Cassandra stared at the earl in astonishment. She remembered Wyatt Mannering as a quiet man who seldom raised his voice even when giving a scold to a rambunctious child.

She had taken that quiet politeness as a sign of weakness. The strength of the hand compelling her into his carriage told a different story.

“This is not necessary, my lord,” she protested.

“It is entirely necessary for my peace of mind, Cassandra. Now, get in or I will carry you in.”

She was well acquainted with harsh commands. Her father and brother had often spoken to her in just such tones. The difference was that they never carried through on their threats. She feared the Earl of Merrick would not be as lenient. She climbed into the carriage.

Once inside, she oohed in delight at all the modern conveniences revealed by the lamplight. The velvet squabs, cushioned by springs, sank as she sat down. Behind the matching curtains, clear glass allowed her to gaze out upon the street. Beside each seat a vase held a single carnation, and she lifted one and tucked it into her hair. She reached up and found the lamp-wick knob and dimmed the light, then turned it up brighter.

Merrick sat with arms crossed in the seat beside her, watching her with amusement.

“You should have let me find a hackney, Merrick. Catherine will not speak to you for a week. I’m scarcely worth the trouble.”

He gave her a starched look. “A hackney? In the middle of the night? Have you completely lost your wits?”

“Oh, no.” She turned a smile on him again. “I do it all the time. My only problem tonight was that I had no coin to pay the fare. It’s devilishly difficult to carry coins in a ball gown, particularly one as daring as this. Any extra weight and… whoop!” She made a laughing gesture to indicate the effect on her daring décolletage.

Merrick rolled his eyes heavenward and made a muffled noise of assent.
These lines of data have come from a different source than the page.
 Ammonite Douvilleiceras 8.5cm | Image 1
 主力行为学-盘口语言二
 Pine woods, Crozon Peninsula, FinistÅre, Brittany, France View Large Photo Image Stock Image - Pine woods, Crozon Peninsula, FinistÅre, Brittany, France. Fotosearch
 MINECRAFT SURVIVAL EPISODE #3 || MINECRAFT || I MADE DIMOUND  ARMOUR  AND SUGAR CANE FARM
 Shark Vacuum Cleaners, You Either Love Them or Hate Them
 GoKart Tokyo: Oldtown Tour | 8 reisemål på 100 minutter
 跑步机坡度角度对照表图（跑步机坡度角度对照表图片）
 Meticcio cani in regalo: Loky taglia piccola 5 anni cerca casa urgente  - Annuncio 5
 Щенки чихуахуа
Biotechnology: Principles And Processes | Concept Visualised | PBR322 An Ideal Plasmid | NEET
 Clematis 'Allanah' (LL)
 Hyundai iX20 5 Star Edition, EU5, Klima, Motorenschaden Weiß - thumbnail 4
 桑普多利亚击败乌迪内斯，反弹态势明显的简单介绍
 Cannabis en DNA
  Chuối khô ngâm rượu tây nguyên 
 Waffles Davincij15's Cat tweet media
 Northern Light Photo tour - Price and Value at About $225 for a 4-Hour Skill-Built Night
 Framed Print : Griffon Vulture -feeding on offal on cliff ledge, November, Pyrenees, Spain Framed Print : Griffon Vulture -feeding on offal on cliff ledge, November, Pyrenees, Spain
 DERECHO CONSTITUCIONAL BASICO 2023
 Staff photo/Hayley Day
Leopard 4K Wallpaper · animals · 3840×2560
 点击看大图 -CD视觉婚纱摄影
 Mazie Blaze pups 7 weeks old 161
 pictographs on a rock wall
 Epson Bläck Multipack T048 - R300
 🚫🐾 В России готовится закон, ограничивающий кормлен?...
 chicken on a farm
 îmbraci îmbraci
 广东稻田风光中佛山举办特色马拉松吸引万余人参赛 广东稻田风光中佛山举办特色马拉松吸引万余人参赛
Cassandra surveyed his pained expression. “I should not have said that. Duncan said you were a high stickler, but I didn’t imagine he meant humorless. Forgive me, I’ll not offend your sensibilities again. It was most kind of you to see me home.”

She settled back against the velvet cushions with dignity, primly crossing her hands on her lap and fixing her gaze on the empty seat. The carnation slipped from her hair and slid down her cheek.

Wyatt rescued it. “I am not entirely humorless, but someone needs to teach you proper behavior with gentlemen with whom you are scarcely acquainted.” He laid the carnation over her hands.

“Fustian. I daresay I know you as well as Catherine does. You just won’t admit that someone you think is a mere child can know anything. You’ve grown toplofty, Merrick, puffed up with your own consequence. I can mind my manners when I choose. I just didn’t think it necessary between neighbors.”

The carriage halted before the narrow Georgian town house of the Marquess of Eddings. It was in a less fashionable district on the wrong side of St. James’s, and many of its neighbors had been converted to flats.

“We have scarcely been neighbors for a number of years, Lady Cassandra, and you were much too young to know me even then. Duncan and I are barely on speaking terms, but if I find you taking off on your own again, I will be forced to report your behavior to him. Now, come, it’s time you went inside.” He stepped down from the carriage and held out a hand to her.

Arching her wrist to rest her hand upon his, lifting her chin, sweeping up her skirts and pelisse, Cassandra descended with all the grace and dignity she could summon. She cast him a scathing glance as he offered his arm to see her inside.

“You had better return to Roxbury’s with all due haste, my lord, or your fiancée will teach you the truth of her name. I bid you farewell.” Without waiting for any servant to open the door, she threw it open and marched in, slamming it shut in his face.

Cass considered the earl’s assistance well paid with her warning. Lady Cat hid claws inside her velvet gloves.